Electric recliners. A fully stocked bar. A menu that includes hummus and pita chips, chipotle aioli shrimp and turtle molten Bundt cake.
The Regal Downtown Summerlin 5, 2070 Park Center Drive, is the moviegoing experience Las Vegas has spent the past couple of years baby-stepping toward.
In fall 2012, the theaters at Town Square began offering liquor sales during certain screenings until ownership changed hands a few months later. The Galaxy Green Valley Luxury+ opened in March 2013 with electric recliners, beer and wine sales and a gourmet sausage bar. Galaxy renovated its Cannery location to those specifications last fall.
But the Downtown Summerlin 5, which officially opens to the public Thursday after three days of charity screenings, is the first to combine all those amenities under one roof. There’s even valet parking just outside.
The new theaters have sidestepped some of the hurdles that made liquor sales less than convenient at Town Square. There, alcohol was confined to the lobby bar and special 21-and-older screenings, but customers weren’t allowed to carry it between those venues. Instead, a cocktail waitress had to walk beside them and carry the drinks to their seats.
Although that sounded responsible in practice, it was also weirdly restrictive considering that adults can carry drinks to their seats at Cashman Field, UNLV games and virtually every show up and down the Strip, regardless of whether children are sitting next to them.
The new theaters still have some limitations, though. Rachel Lueras, western marketing manager for Regal Entertainment Group, says customers will be carded at the bar, given a wristband and limited to three drinks, one at a time, during their visit. Those drinks, by the way, start at $5.
On the food side, look for dishes ranging from $5 to $11 that include pizza, mac-and-cheese bites, and a variety of burgers and sandwiches that come with waffle fries, sweet potato waffle fries or onion rings.
The only thing other high-end theaters offer that’s missing at the Downtown Summerlin 5 is waiter service, but that often comes at a premium. A couple of years ago at one such multiplex, I paid $19.50 to see “The Expendables 2” on a Wednesday night.
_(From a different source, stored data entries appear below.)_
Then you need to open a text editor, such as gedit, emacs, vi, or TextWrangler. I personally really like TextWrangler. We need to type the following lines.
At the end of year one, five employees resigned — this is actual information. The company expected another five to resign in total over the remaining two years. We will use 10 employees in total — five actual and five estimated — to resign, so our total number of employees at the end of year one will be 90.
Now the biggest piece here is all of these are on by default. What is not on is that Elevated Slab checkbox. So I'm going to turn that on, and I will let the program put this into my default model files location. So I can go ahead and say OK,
Despite the additional amenities, Downtown Summerlin 5’s ticket prices are $13 for adults, $9.50 for seniors and children, $12 for military and $10.50 for matinees. That’s $1.50 more at each price level than Regal charges next door at its theaters at Red Rock Resort. (Galaxy, which runs the only other theaters in the valley with recliners, charges $11 for adults, $8.50 for children, $8 for seniors and $8.50 for adult matinees.)
While families are obviously welcome, Lueras says the Downtown Summerlin 5 will cater to adult moviegoers looking for a fun night (or afternoon) out.
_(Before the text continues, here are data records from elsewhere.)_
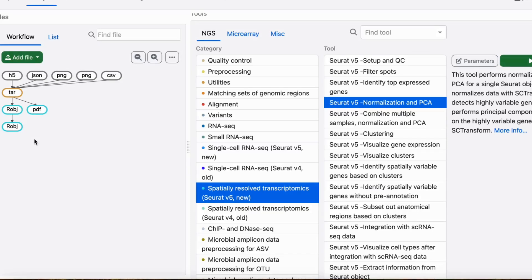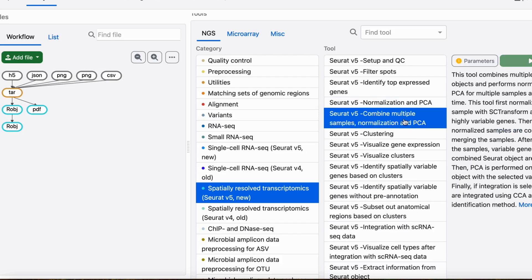Now, let's take a look at how to use this tool in Chipster. If we only have one sample, we can use this normalization and PCA tool for this step. If we have more than one sample, we can use the combined multiple samples normalization and PCA tool, as this also includes a method to combine the samples. We will go through this in more detail later, but for now we will only look at the analysis with one sample.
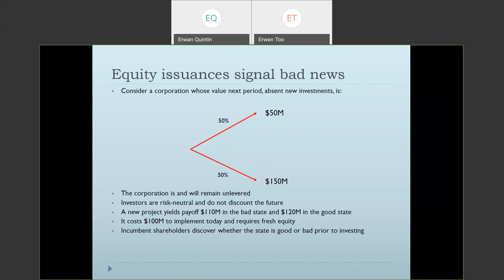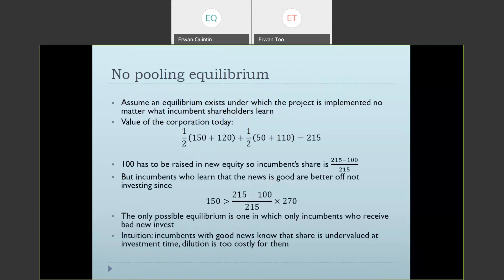Let's write the proof by contradiction. We assume there is an equilibrium in which the corporation invests no matter what information incumbents have — even managers who know good news are coming are still willing to invest. We'll show this leads to a contradiction.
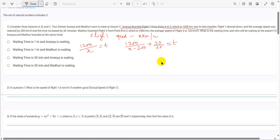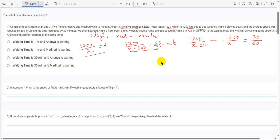We form the equation: 1200/(x − 200) − 1200/x = 30/60. We have to solve this equation to get the value of x, which is the original speed of Flight 1. From that, we will get the time.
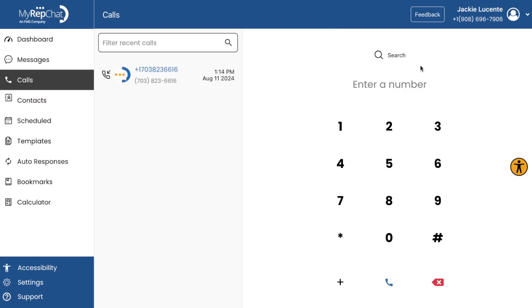Calls. While MyRepChat specializes in texting, if you have the voice feature enabled, this section allows you to view your call history and even make calls, keeping all your communication records in one system.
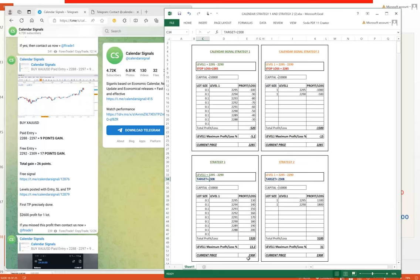Based on the current price 2308, which is almost more than 1:2 risk-reward. On the other end, the second strategy is only two entries: one entry at 2295 and the second entry with one lot at 2290. The maximum possible risk is $1,500, which is 15% of $10,000 capital. Current price taken is 2285 for the stop loss.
For its opening weekend, the theaters will offer “The Judge,” with Robert Downey Jr. and Robert Duvall; “Kill the Messenger,” in which Jeremy Renner plays a journalist investigating the link between crack cocaine, Nicaraguan rebels and the CIA; “Men, Women &Children,” from director Jason Reitman (“Juno,” “Up in the Air”); and the erotic thriller “Addicted.”
One word of caution: Because of the additional space needed for the recliners, the theaters seat considerably fewer people than their neighbors.
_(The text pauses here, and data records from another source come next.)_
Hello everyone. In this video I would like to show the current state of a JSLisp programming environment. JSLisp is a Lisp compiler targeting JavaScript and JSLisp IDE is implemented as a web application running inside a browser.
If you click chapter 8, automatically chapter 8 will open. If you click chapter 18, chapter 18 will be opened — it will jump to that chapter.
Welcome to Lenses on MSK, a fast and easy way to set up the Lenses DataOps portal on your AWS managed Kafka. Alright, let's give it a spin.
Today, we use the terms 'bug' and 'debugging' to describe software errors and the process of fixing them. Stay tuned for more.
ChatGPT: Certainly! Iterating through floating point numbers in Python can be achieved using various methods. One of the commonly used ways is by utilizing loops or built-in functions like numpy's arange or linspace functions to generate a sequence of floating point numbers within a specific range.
The Downtown Summerlin 5 auditoriums have capacities ranging from 86 to 149, compared with 117 to 467 next door at Red Rock.
But since the new theaters sell only reserved seats, you’ll know, in some cases days in advance, whether the showing you were planning to attend is sold out — or whether you and your date would be stuck sitting in the first row in the corner.
■ Gettin’ thrifty with it: Las Vegans Jason T. Smith and Bryan Goodman return for a second season of “Thrift Hunters” (9:30 p.m. Saturday, Spike TV).